Yep. Talent isn't static. Some years have more, some less. Lleyton Hewitt was a really good player, but was number one because there was a bit of a talent dip: the Sampras/Agassi generation was largely gone, the Kuerten gen was on the weak side, and Roger and Rafa didn't rise yet. You can see this illustrated by how his Elo was basically the same in 2006 as it was in 2001-02, but he was #4.

The Elo leaders in the 1998-2003 era were all in the 2247 to 2261 range...that's about the average Elo for a #3-5 player, in most years during the Open Era.

On the other hand, that era had a ton of parity...lots of different Slam and Masters winners, Elo ratings of the top 10 pretty tightly packed.
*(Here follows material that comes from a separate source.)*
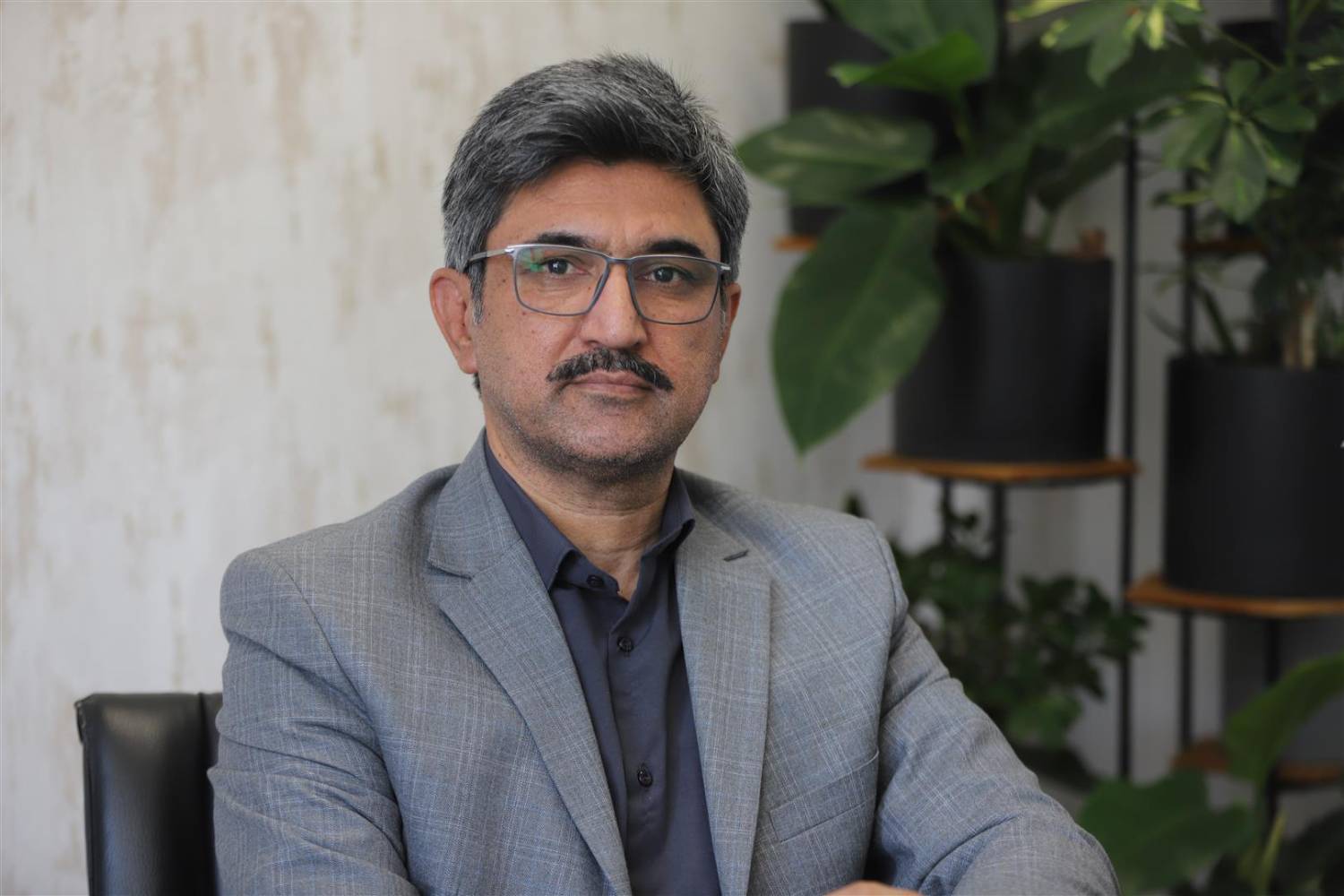 به گزارش وقایع نیوز: ناصر خرمالی با اشاره به اهمیت ساماندهی فرآیند صادرات در این مناطق گفت: به‌منظور جلوگیری از بروز مشکلات در گذشته برای واحدهای تولیدی صادرکننده، رویه‌ای جدید در اظهارنامه‌های گمرکی مناطق آزاد طراحی و اجرا شده است که در چارچوب آن، صادرکنندگان می‌توانند گزینه «ورود موقت برای صادرات» را انتخاب کنند.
And before that era, Sampras didn't utterly dominate like the top players before and since: His best Elo is 2407, which is actually closer to Becker (2419), Agassi (2376), Wilander (2371) and Edberg (2370) than it is to the the recent Big Four and the earlier Big Four (Connors, Borg, McEnroe, Lendl), plus Laver...all of whom reached 2500+ during their peaks. Of course that's largely because of Pete's weakness on clay:

Pete Elo
Best overall: 2407 (#15)
Best hard: 2524 (#3)
Best grass: 2501 (#7)
Best clay: 2226 (#73)

There are other ATGs with similar weakness: Edberg, Becker and Agassi were all similar on clay, and Wilander was weak on carpet. But what separates Sampras from the other guys -- as far as Elo is concerned - is his weakness on clay. Those nine were all relatively balanced across the different surfaces...some minor weaknesses (Borg ranked #33 on hards), but not as bad as Pete's on clay.

As a side note, a lot is made of the "weak era" of the early 2000s, but according to Elo, it really began at the very end of the 80s. From the mid-70s to mid-80s, tennis saw a very high level of peak play from Connors, Borg, McEnroe and Lendl. The heirs - Wilander, Becker, and Edberg, plus Agassi and Sampras - were all great, but a step down (as far as Elo is concerned). The first four had a total of 6 seasons ending with an Elo of 2500 or better from 1978-87: three by Borg and one each by Connors, McEnroe and Lendl. After Lendl's 1987, there wasn't a 2500 Elo season until Federer in 2006. Since then, Roger, Rafa and Andy have had one each, and Novak four (more weight to Novak's GOAT status).

In fact,1990-2003 saw no 2400 Elo season...from Becker/Lendl in 1989 to Roger in 2004.The top players of that era, from Edberg and Becker early on, to Sampras and Agassi, hovered closer to the pack then the premier players of the 70s-80s and the Big Four era.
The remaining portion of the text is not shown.